Over the next five years, a slew of cleantech darlings went bust. Most famously, Solyndra, a solar startup, filed for bankruptcy in 2011 despite having received $535 million in U.S. government-backed loans. In 2013, Reuters went so far as to claim that “cleantech tarnished Kleiner and VC star John Doerr.” Cleantech had become a dirty word in Silicon Valley.

The Conventional Narrative

Cleantech was supposed to be “the next big thing.” Instead, VC investors lost over half of the $25 billion they invested in cleantech between 2006 and 2011 according to researchers at MIT, who titled their paper: “Venture Capital and Cleantech: The Wrong Model for Clean Energy Innovation.”
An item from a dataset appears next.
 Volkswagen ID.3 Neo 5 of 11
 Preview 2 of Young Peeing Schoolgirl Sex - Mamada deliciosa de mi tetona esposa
This paper became the definitive (i.e., much cited) account of what went wrong. It argued that cleantech VC is problematic for a few reasons. First, the investment cycle is significantly longer than the three to five years VCs prefer. Second, innovations based on science and engineering, versus software, are too expensive and time-consuming to develop and test. Third, there is “no room for error” because traditional industries operate in commodity markets with “razor-thin margins.” Very true.

Put differently, cleantech VC failed because Silicon Valley couldn’t “move fast and break things” in new markets, as Facebook’s now retired motto recommended. The researchers also concluded that the cleantech sector “… suffers especially from a dearth of large corporations willing to invest in innovation.” Why could that be?

Don’t Worry, We’re from the Internet

During my two decades in cleantech VC, I’ve had the privilege to learn from scientists, engineers and executives who work inside traditional industries. I’m talking about oil and gas, cement, electric power, mining, metals, petrochemicals, shipping and others that enable the wonders of modern life (and fuel climate change).

From their perspective, Silicon Valley failed at cleantech VC not for a lack of ingenuity, but a lack of empathy and awareness. In their eyes, Silicon Valley showed up around 2007 and effectively said, “Hi, Al Gore tells us you’re killing the planet. But don’t worry. We, the people who fund innovative ways to take pictures of your own face and share it with friends, are here to help.”

But rather than offer solutions for specific industry problems, Silicon Valley too often hypothesized quick fixes for climate change without having studied the system impact and effectiveness of their suggestions. Ideologically driven and in search of quick returns, this approach to cleantech was ill-equipped for traditional industries that, in some cases, literally keep the lights on.

Though willing to innovate, these industries could not afford to be guinea pigs. Cleantech startups of this era struggled to complete satisfactory testing and development let alone penetrate a market at scale (Tesla being the notable exception).

The Path to Returns

Once again, the market is crowded with new cleantech VCs and funds promising that Silicon Valley can save humanity from climate change. It feels like the early 2000s all over again. Will things turn out better this time?

Hopefully. There is nothing inherently incompatible about cleantech and venture capital. There is no reason why cleantech funds cannot achieve an internal rate of return (IRR) above 20%. There is, however, incompatibility between industrial firms struggling to adapt to a net-zero future and Silicon Valley-ites who come to the rescue with too much hubris.

VCs must aim to partner with rather than preach to industrial firms. The infrastructure in traditional industries is extremely expensive to change or replace and can create value for decades. Industrial businesses are highly regulated because unlike smartphone games, steel plants face restrictions around zoning, safety, waste disposal and more. They might have one shot at using their cash reserves to future-proof their businesses and survive the energy transition.

That does not excuse industrial firms from taking responsibility for greenhouse gas emissions or other forms of pollution. The point is to approach cleantech VC with humility and a willingness to learn. Stop trying to solve climate change and start solving business problems that make fossil fuels hard to dislodge. There is immense knowledge, value and innovation potential within traditional industries.